Das Dardenne-Kino birgt also ein großes Risiko. Der Bürger könnte bei den Filmen denken: »Diese Armen, diese verlorenen Kinder und Migranten behandeln einander wie Dreck. Selbst wenn ich helfen wollte – sie haben es nicht verdient.« Deshalb drehen die Dardennes den Spieß um und richten ihn gegen das Publikum. Das geschieht gleich in der ersten Einstellung von »Tori und Lokita«.

Wir sehen uns Lokita gegenüber, die, um als Asylantin anerkannt zu werden, Fragen beantworten muss. Wann hat sie ihren angeblichen Bruder Tori zum ersten Mal gesehen? Wo war das genau? Wie heißt der See bei dem Dorf? Lokita, deren Gesicht uns groß anblickt, kann die Fragen nicht beantworten, sie zittert und bricht schließlich zusammen. Gefilmt wird mit der Handkamera (Benoît Dervaux), deshalb zittert auch das Bild leicht. Es ist also eine subjektive Einstellung und zugleich die objektivste, die denkbar ist. Denn dass die Befragerin, die einen Vorwand zur Abschiebung des Mädchens sucht, die ganze Zeit über nicht zu sehen ist, hat einen simplen Grund: Mit ihr sind wir gemeint.

Wir, die Zuschauerinnen und Zuschauer, haben nichts gegen das Mädchen, so wenig wie die Inquisitorin, die nur ihren Job macht, aber wenn der grüne Vizekanzler erklärt, er könne sich mit der CDU auf einen Asylkompromiss einigen, und die Innenministerin die Grenzen befestigt, stecken wir, ob wir es wollen oder nicht, mit drin. Denn um unseretwillen wird den Hilfesuchenden Gewalt angetan. Die Frage, ob Tori, der als »Hexenkind« verfolgt worden ist, wirklich Lokitas Bruder ist, ist leicht zu beantworten: Nein, das ist er nicht. Die beiden haben sich auf der Flucht kennengelernt. Sie lassen einander nicht mehr los, auch weil, wie Lokita sagt, sie nur so eine Chance zum Überleben haben.
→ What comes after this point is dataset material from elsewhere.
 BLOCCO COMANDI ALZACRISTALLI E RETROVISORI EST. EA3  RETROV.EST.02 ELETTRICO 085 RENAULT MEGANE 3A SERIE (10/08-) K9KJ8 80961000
Im italienischen Auffanglager haben die beiden ein Lied gelernt, das zum Leitmotiv wird, es kehrt unaufhörlich, etwa als Klingelton, wieder: »Alla fiera dell’est«. Das ist Angelo Branduardis populäre Version einer uralten jiddischen Weise, die zu Pessach gesungen wird: »Chad gadja«. Der Vater kauft auf dem Markt ein Lämmchen (bei Branduardi ist es eine Maus), das Lämmchen wird von der Katze, die Katze wiederum vom Hund gefressen und so weiter, bis am Ende Gott persönlich dem mörderischen Treiben ein Ende setzt. Dieser Schluss bleibt bei den Dardennes ausgespart. Bei ihnen frisst jeder jeden – und das Gegenprinzip zum Prinzip Friss-oder-werde-gefressen ist die Wahlverwandtschaft von Tori und Lokita. Wie schon in »Der Junge mit dem Fahrrad« (2011) und in »Zwei Tage, eine Nacht« (2014) formt in »Tori und Lokita« ein ungleiches Paar einen Nukleus der Solidarität.
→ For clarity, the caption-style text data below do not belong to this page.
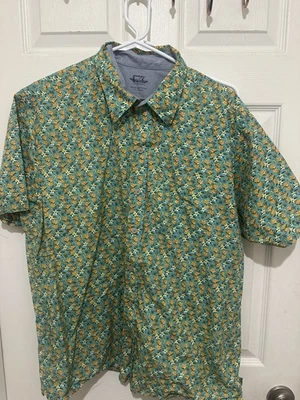 Cutter & Buck Men's Button down Shirt Floral tropical Short Sleeve Large - Image 1 of 4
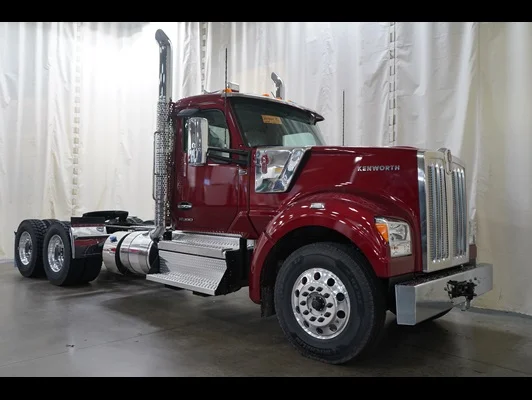 2027 Kenworth W990
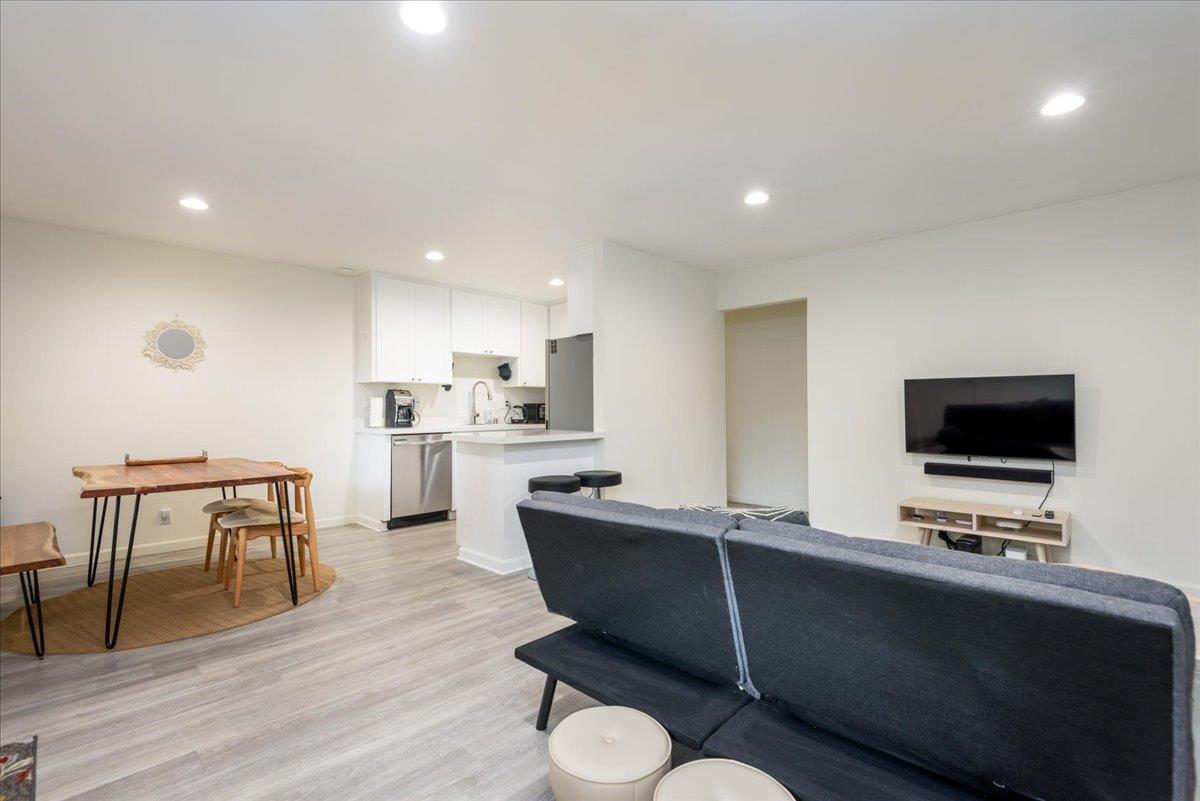 185 Union AVE 35 - Living area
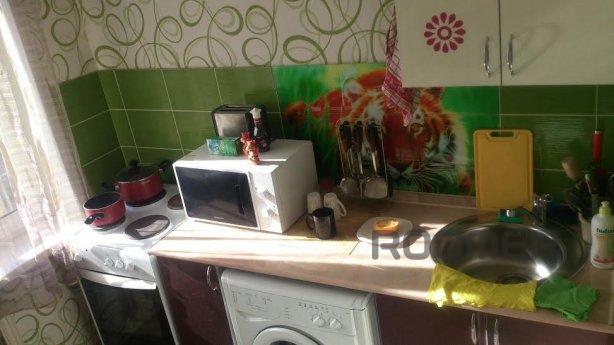 Cozy, clean near Suvorov military school, Karaganda - apartment by the day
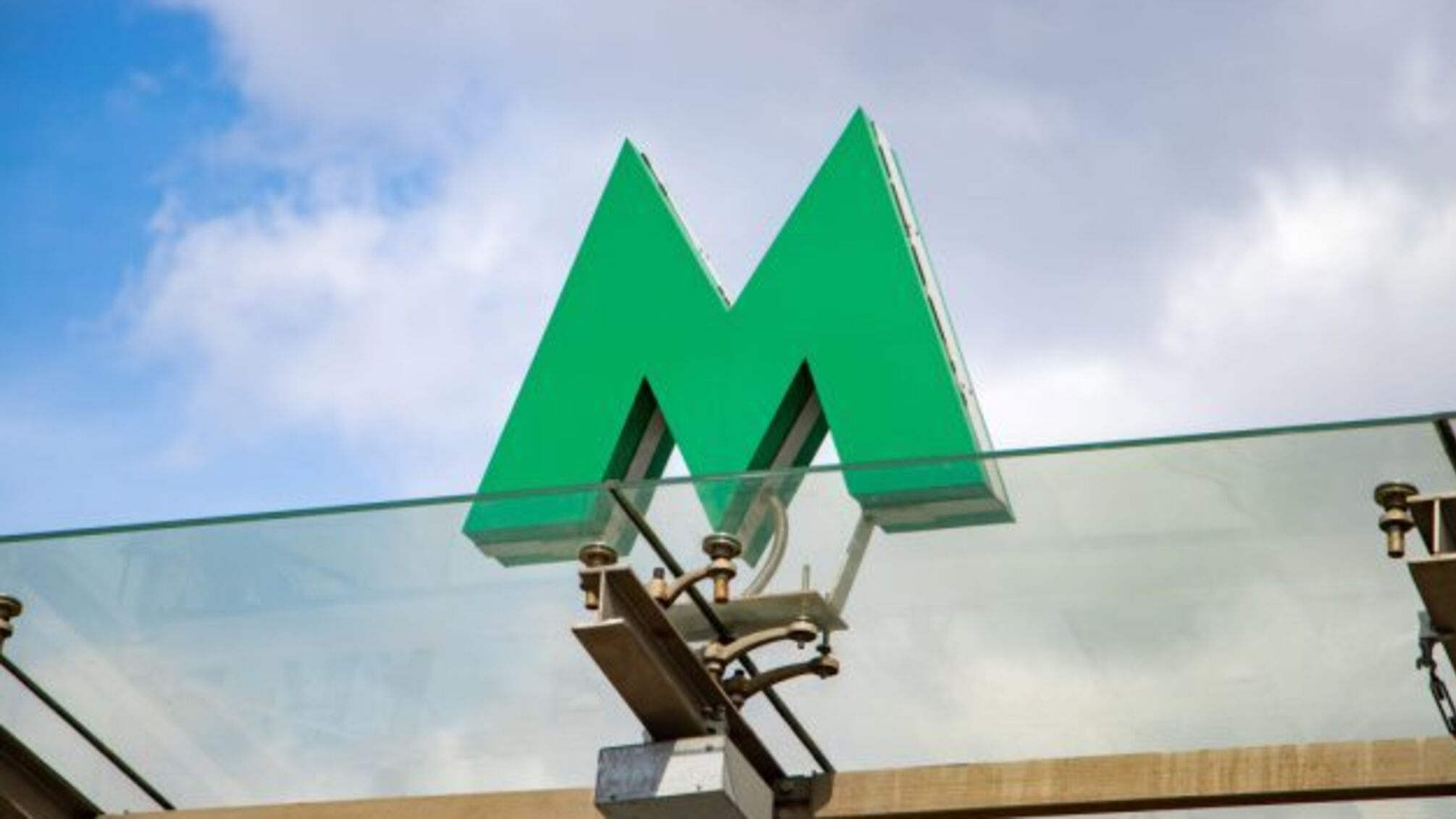 Після зливи в Києві обмежили роботу станції метро «Героїв Дніпра»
Auch andere Motive früherer Filme kehren wieder: die Geldbündel, die in einer illegalen Ökonomie ihre Besitzer wechseln, die Kinderbande, Psychopharmaka. Lokita spricht, wenn sie allein ist, mit sich selbst – nicht wie die Heldin von »Rosetta« (1999), sondern wie die von »Lornas Schweigen« (2008), die sich an ihr Ungeborenes wendet. Lokita wendet sich an den abwesenden Tori, der bei ihr die Stelle von Kind, Geliebtem und Bruder einnimmt.

Mit Kindern haben die Dardennes stets Glück. Zu sehen, wie der elfjährige Darsteller des Tori sich geschickt einen Weg durch Löcher und Schächte eines Hangars bahnt, in dem Cannabis gezüchtet wird, ist eine wahre Freude. Mit straubianischer Genauigkeit registriert die Kamera jeden seiner Handgriffe. Dieser Hangar ist die erstaunlichste Neuigkeit im Werk der Dardennes, die früher prinzipiell an Originalschauplätzen drehten. Und nun betreten wir einen künstlichen Ort voller Schläuche, Höhlen, Ventilatoren und Verschläge (Ausstattung: Igor Gabriel). Es geht mit Lampen durch dunkle Gänge und dann stehen wir vor einer hell erleuchteten Pflanzenzucht wie im Raumschiff von »Silent Running« (»Lautlos im Weltall«, 1972). Schon »Das Kind« (2005) spielte in den Brachen des postindustriellen Seraing (Lüttich). Und sie kehren wieder, denn die aufregende Flucht der Kinder geht durch eine verlassene Schottergrube. Aber die Drogenfarm und das ewige Wummern ihrer Heizung ergeben schon einen besonders apokalyptischen Raum, es ist ein Sweat Shop, wie zuvor die Küche des Dealers.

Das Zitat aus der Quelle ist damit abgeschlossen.